Below is the major snippet of code that computes the Hamming Distance. The puzzle recommends doing 2 or 4 blocks, but I did them all anyways. I believe when I first did this I got sizes 18, 29, and 5 as “being small”.

for i in range(2, 40):
    block_array = [message[j*i:(j+1)*i] for j in range(0, len(message), i) if len(message[j*i:(j+1)*i]) == i]
        
    total = [ hamming_distance(block_array[c], block_array[c+1])/i for c in range(0, len(block_array)-1) ]
    keysz_scores[i] = sum(total)/len(total)

Next, we group the N-th byte of each block together. This is because that N-th byte was encrypted with the same N-th byte of the key. This enables us to use the xor_single_byte function wrote in a previous challenge pretty easily.

My partitioned_blocks function does just that (ommitted for brevity).

for key_sz, score in best_key_scores:
         transposed_blocks = transpose_blocks(message, key_sz)

         #print(f"\n------\nUsing KEYSIZE = {key_sz}\n------")
         probable_key = ''
         for block in transposed_blocks:
             (decrypted_str, score, key_byte) = xor_single_byte(block.encode().hex())
             if score != 0:
                probable_key += chr(key_byte)

         if key_sz == len(probable_key):
             potential_keys.append(probable_key)

Then, looping over the suspected keys, we can attempt decrypting the message. From there, it’s pretty obvious what works and what doesn’t judging by what’s English!

I hope the Terminator brings the noise next time :)


Set 1 Challenge 7 (Problem 7)

Problem

The Base64-encoded content in this file has been encrypted via AES-128 in ECB mode under the key

"YELLOW SUBMARINE".

(case-sensitive, without the quotes; exactly 16 characters; I like “YELLOW SUBMARINE” because it’s exactly 16 bytes long, and now you do too).
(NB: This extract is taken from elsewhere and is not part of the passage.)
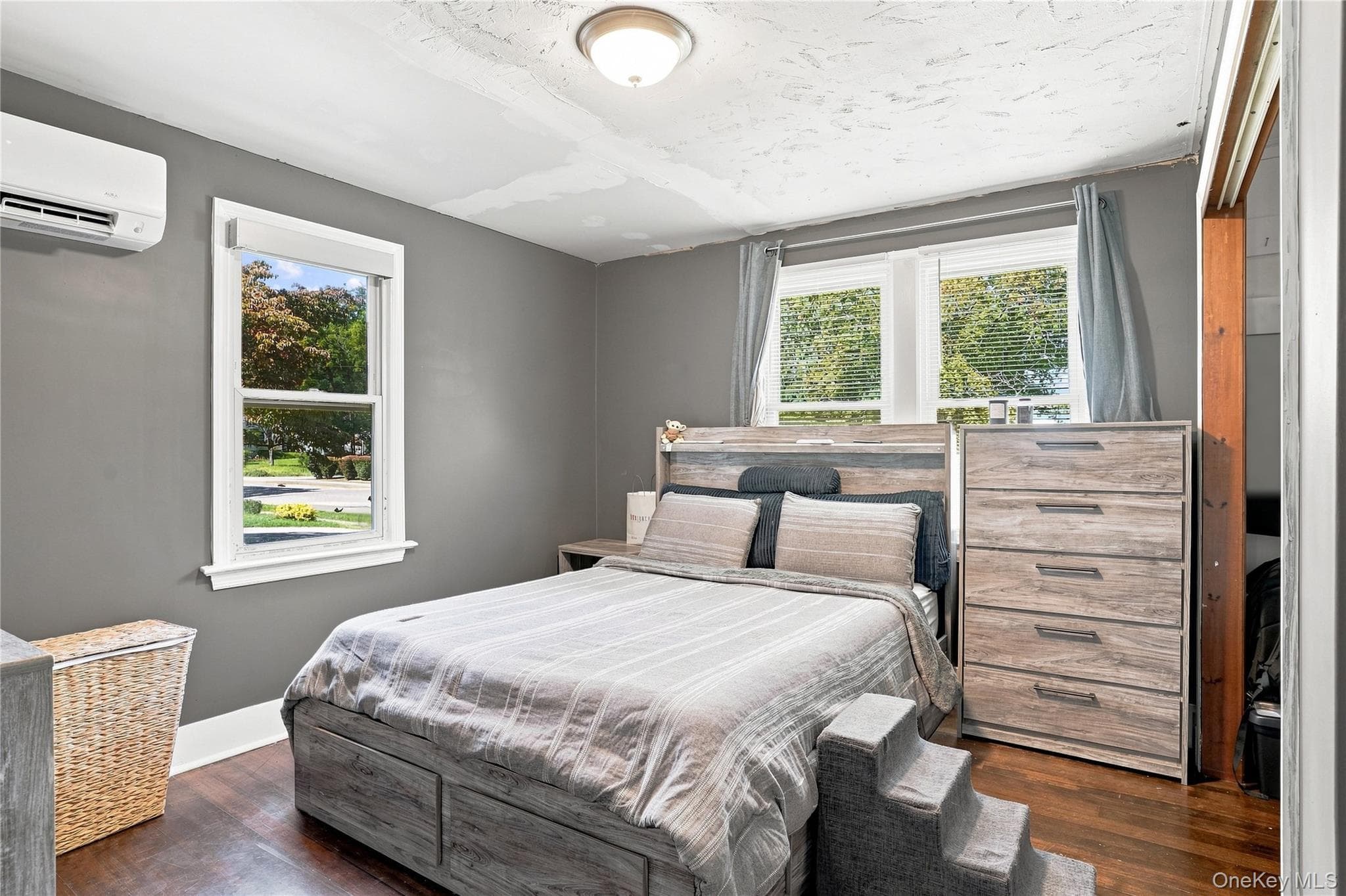 18 Underhill Avenue thumbnail 7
Decrypt it. You know the key, after all.

Solution

I used python’s cryptography. No reason. Simple stuff. I believe other solutions used PyCrypto but that’s quite inactive (though Cryptodome is an active fork for this). Too many crypto libraries these days.
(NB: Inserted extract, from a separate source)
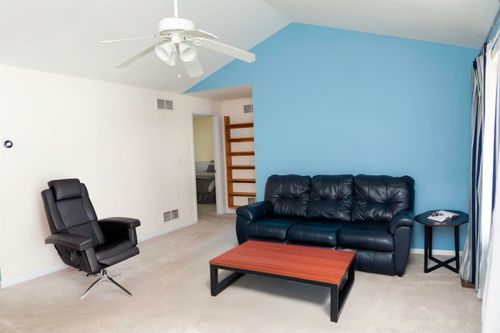 27 Bowes Circle, Hudson, NH, 03051 | Card Image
def aes_ecb_encrypt_with_key(plaintext, key):
    CipherObj = Cipher(algorithms.AES(key), modes.ECB(), backend=default_backend() )
    encryptor = CipherObj.encryptor()
    return (encryptor.update(plaintext) + encryptor.finalize(), CipherObj)

def aes_ecb_decrypt(CipherObj, ciphertext):
    decryptor = CipherObj.decryptor()
    return decryptor.update(ciphertext) + decryptor.finalize()

Set 1 Challenge 8 (Problem 8)

Problem

In this file are a bunch of hex-encoded ciphertexts.

One of them has been encrypted with ECB.

Detect it.

Remember that the problem with ECB is that it is stateless and deterministic; the same 16 byte plaintext block will always produce the same 16 byte ciphertext.

Solution

When I first did this, I think I overkilled it by using the same functions I wrote in 6.

I realized now I wasted a good amount of time by not fully understanding the hint– The same plaintext block will always produce the same ciphertext block. Basically, when you split all the ciphertexts in the file into 16B blocks, you’ll find that some blocks are literally simply repeated. The following code determines the number of repeated blocks in a ciphertext.

for line in f:
    hexbytes = bytes.fromhex(line.strip())
    blocks = [hexbytes[i:(i+16)].hex() for i in range(0, len(hexbytes), 16)]
    temp_score = len(set(blocks))
    if temp_score < likely_score:
        likely_score = temp_score
        likely_text = hexbytes.hex()
        found_line = i
    i += 1

Frankly I didn’t love this challenge, especially since it would’ve been a chance to use what we learned in six, but whatever– easy stuff.


That’s it for set 1! I probably spent as much time writing this as I did solving this. Writing it, however, definitely got me motivated to do further sets.